I learned about using Kafka's topics as a changelog to avoid doing synchronous RPC, but I don't understand how we deal with consistency as topics are not persistent (retention policy).
i.e, I run an application, 2 microservices:
- The User Service, is used to update users' data in the system(address, First Name, phone number...).
- The Shipping Service, uses Users' data to create a shipping order and send it to the shipping company's system.
Each service has its own db to persist the Users' data.. To communicate any changes made on a User's data, the confluent's teacher proposed to create a topic and use it as a changelog. User Service inputs the changes, other microservices can consume.
But What if:
- User X changed his address 1 year ago
- the retention policy of the changelog is 6 months
- today we add BillingService to the system.
The BillingService won't know the User X's address, so its view is inconsistent. Should I run a one-time "Call UserService to copy its full DB" when a new service enters the system? Seems ugly solution.
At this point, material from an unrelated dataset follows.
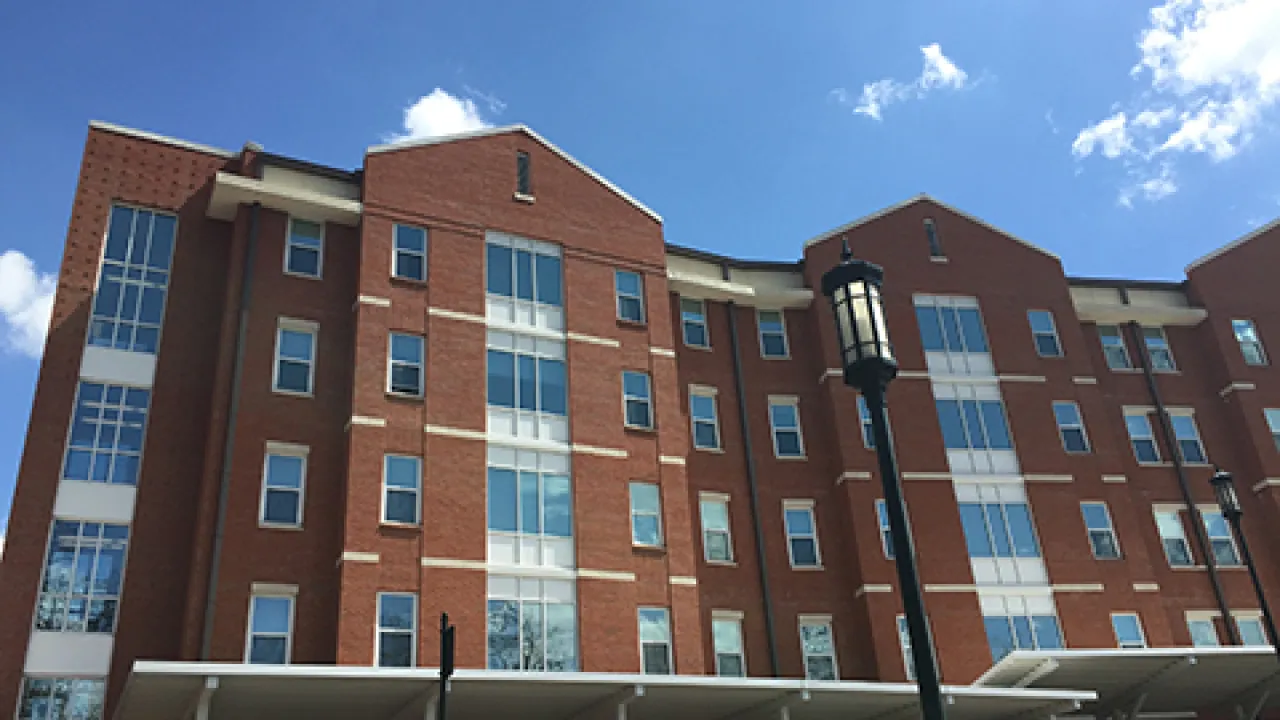 Front facade of Belk Residence Hall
More tricky and challenging:
- We have a changelog with a retention policy of time T
- A consumer service failed more than time T
Therefore, it will potentially miss some changelogs. How do we deal with that? We are never confident how the service knows everything it has to know about the users.
Did some research, but found nothing. I really think I don't have enough vocabulary yet to do good research, as the problem sounds pretty common to everyone. Sorry if it exists a source dedicated to this problem that I did not find!
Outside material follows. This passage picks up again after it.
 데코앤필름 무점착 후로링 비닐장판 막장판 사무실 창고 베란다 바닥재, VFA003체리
If the changelog topic is covering entities that are of unbounded lifetime (like your users, hopefully), that strongly suggests that the retention period for that topic should be infinite. Chances are that topic is sufficiently low volume that infinite retention is viable (consider that it can probably be partitioned).
If for some reason that's not viable, you can arrange for producers to at some period shorter than the retention period publish out "this is the state of this entity" for every entity they own to the topic. For entities which don't change very much, this is pretty wasteful and duplicative (but for those a very long to infinite retention period is more viable), for entities which do change a lot, this is a rounding error in terms of volume.
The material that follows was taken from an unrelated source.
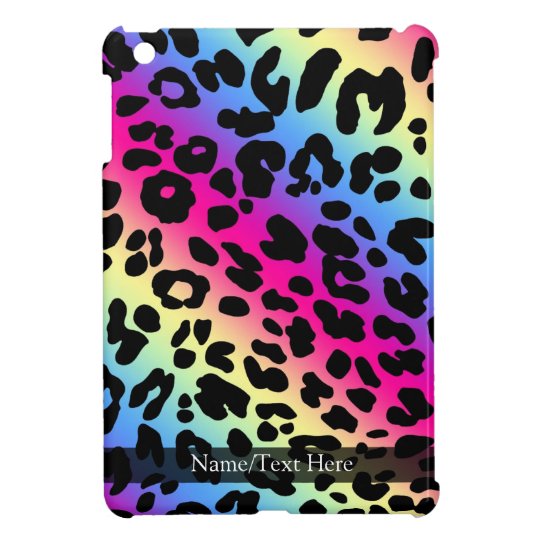 Neon Rainbow Leopard Pattern Print iPad Mini Covers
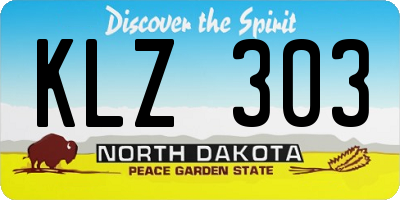 ND license plate KLZ303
That neatly solves the first case and eventually allows for the second to be solved. For the second, there is basically no solution, which means that you have to choose the retention period for a topic such that you can guarantee that no consumer of this topic will ever be down (or not deployed) for longer than the retention period: this typically means that a retention period shorter than, say, 7 days, should be really heavily scrutinized. Note that if you have a 1 week retention period and a consumer has been down for more than a few days, you can temporarily bump up the retention period to buy you time for the consumer to get fixed, and if there's a consumer which can be down for more than a week without anybody noticing, how important is that consumer, really?